● **Problem description**: Repeat exactly, and only, the lines from the line bearing "8 WEAPONS Boxing" through the end of the material. Do not copy the pictures.

___ Exercise data

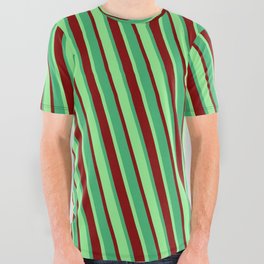 [ Thumbnail: Light Green, Maroon & Sea Green Colored Stripes/Lines Pattern All Over Graphic Tee ]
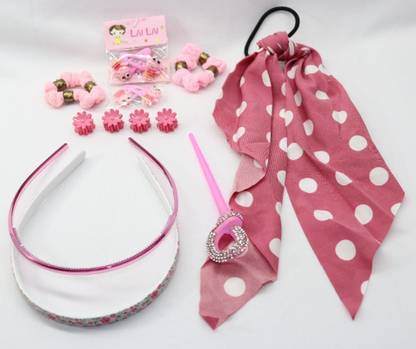 DIZA ATTIRE COMBO OF PINK HAIR ACCESSORIES SET Hair Accessory Set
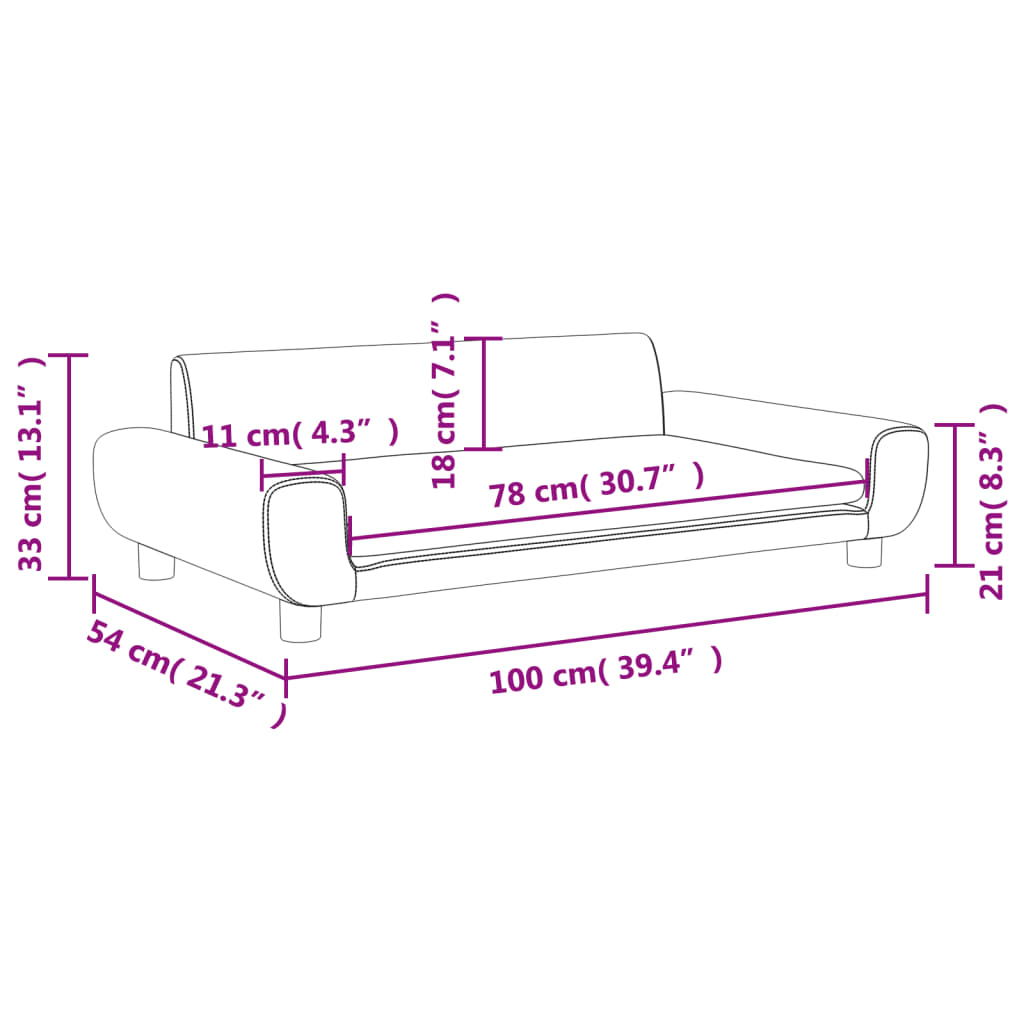 vidaXL Καναπές Παιδικός Ροζ 100 x 54 x 33 εκ. από Βελούδο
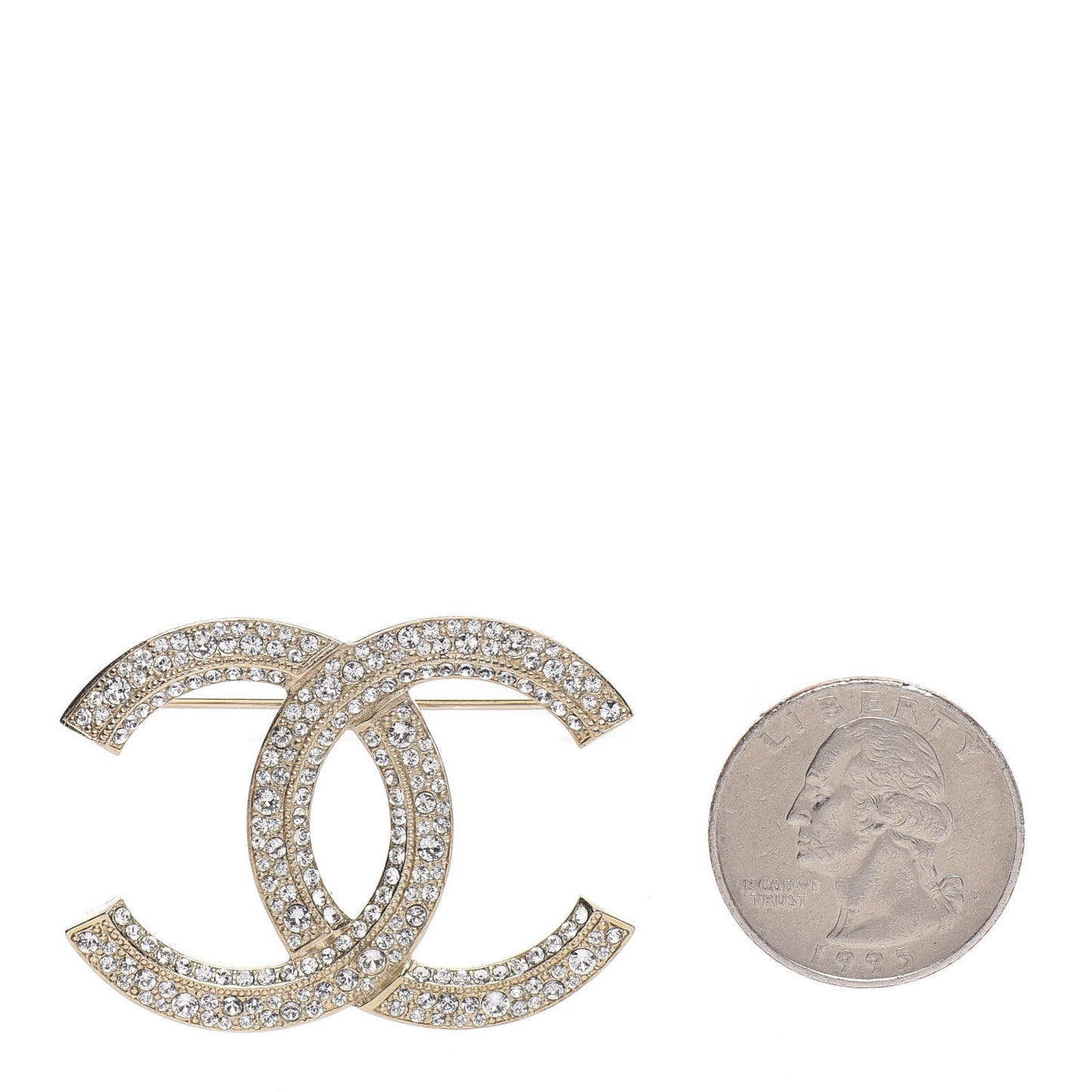 Crystal CC Brooch Light Gold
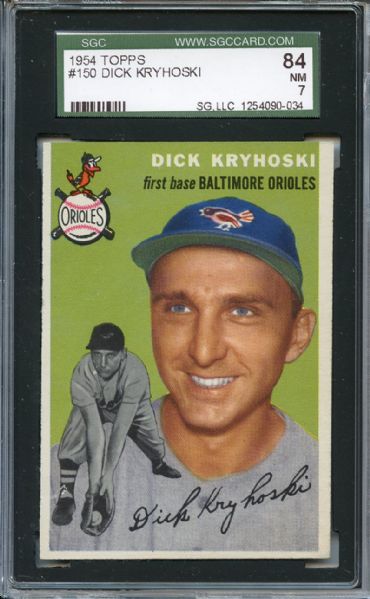 1954 Topps 150 Dick Kryhoski SGC NM 84 / 7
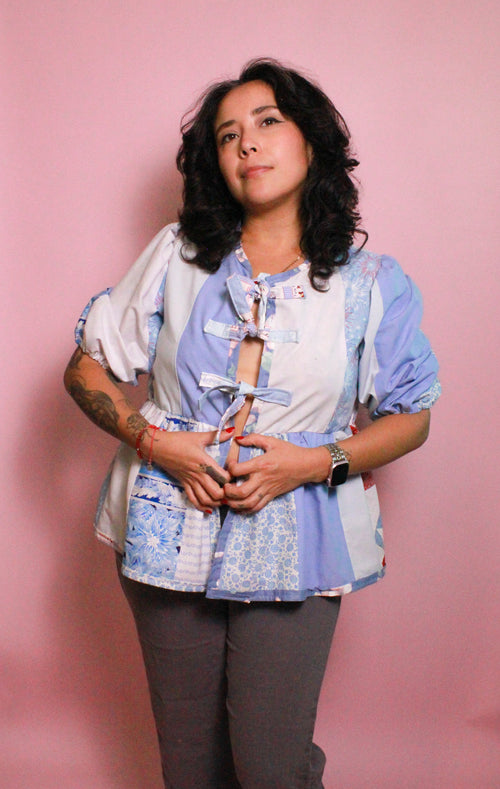 Blue Peplum Top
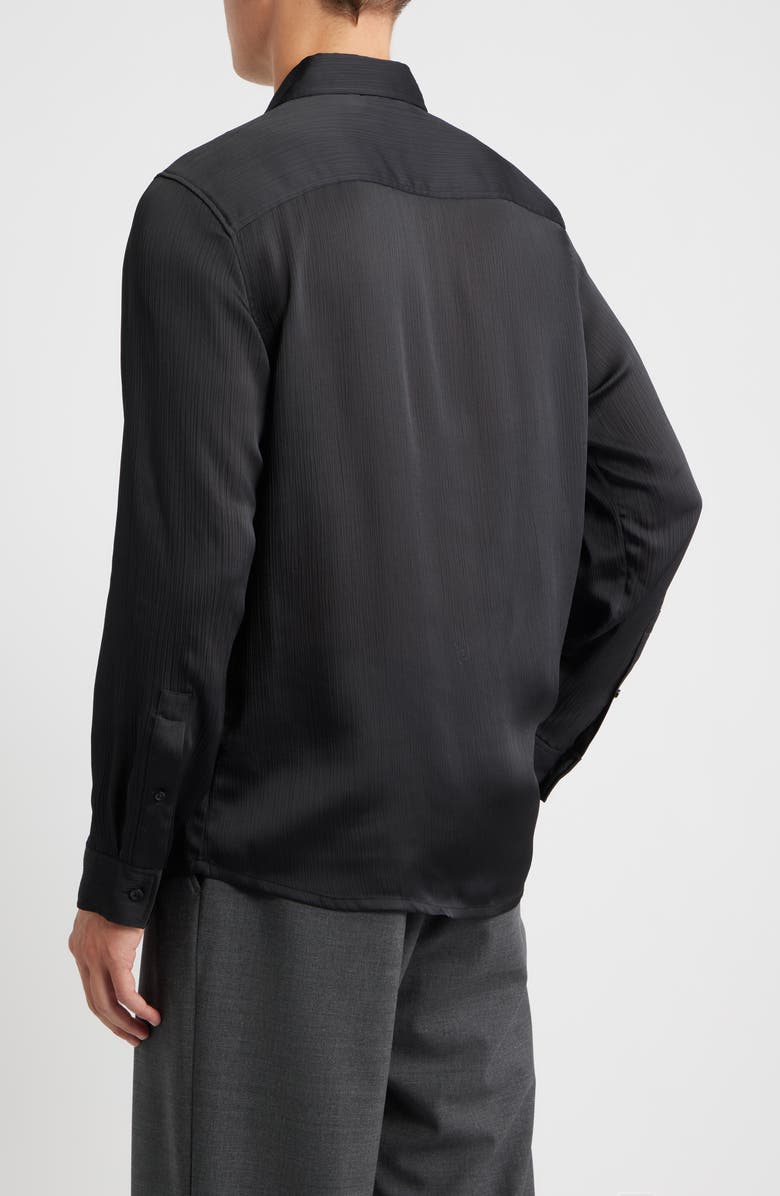 Open Edit Black Satin Button-Up Shirt, Alternate, color, Black Caviar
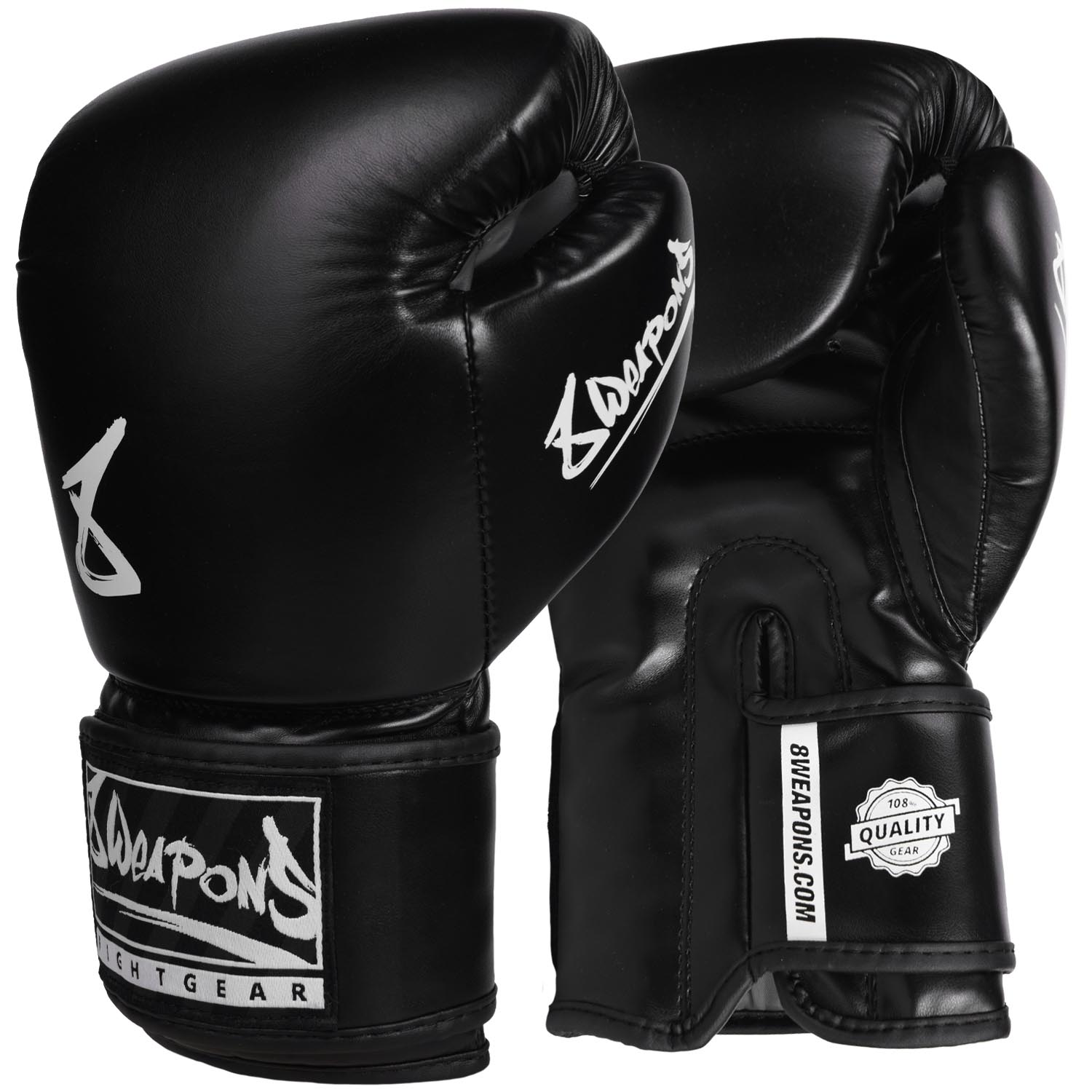 8 WEAPONS Boxing Gloves, Pure, black-white, 14 Oz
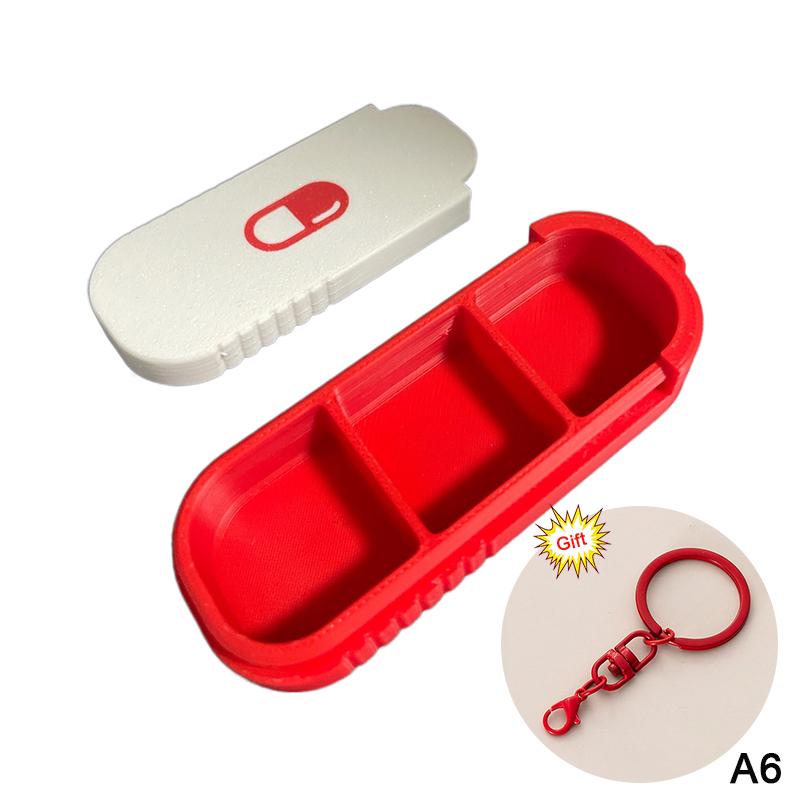 M-3 Compartment Sliding Pill Box With Keychain Sliding Lid Pill Holder Portable Travel Daily Medication Management
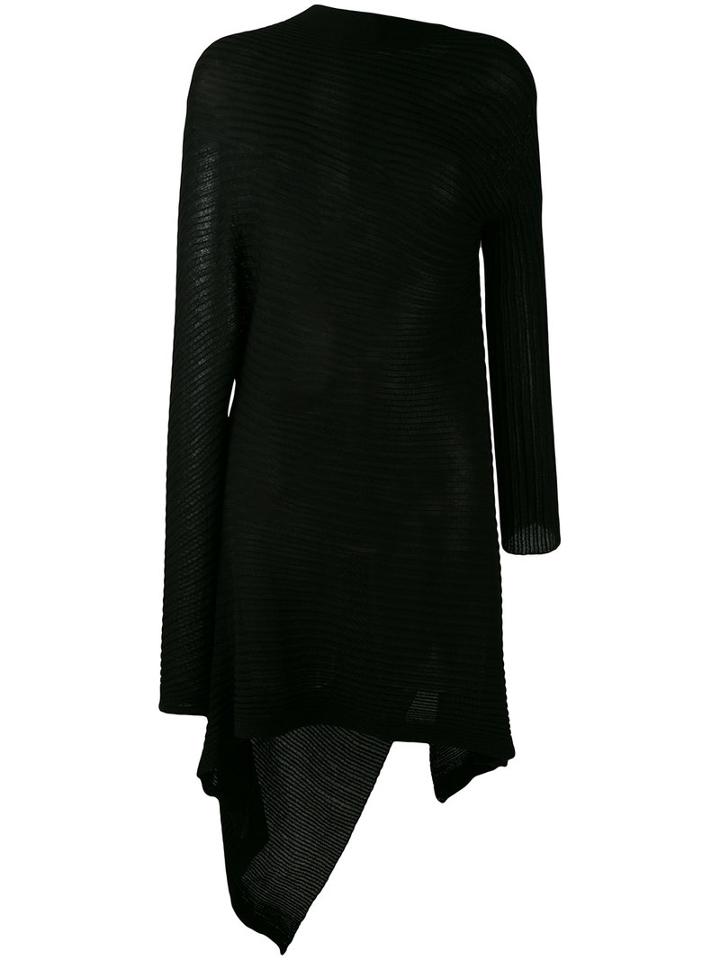 Marques'almeida - Asymmetric Ribbed Dress - Women - Polyamide/viscose - Xs, Black, Polyamide/viscose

______

● **Answer area**:
 8 WEAPONS Boxing Gloves, Pure, black-white, 14 Oz
 M-3 Compartment Sliding Pill Box With Keychain Sliding Lid Pill Holder Portable Travel Daily Medication Management
 Marques'almeida - Asymmetric Ribbed Dress - Women - Polyamide/viscose - Xs, Black, Polyamide/viscose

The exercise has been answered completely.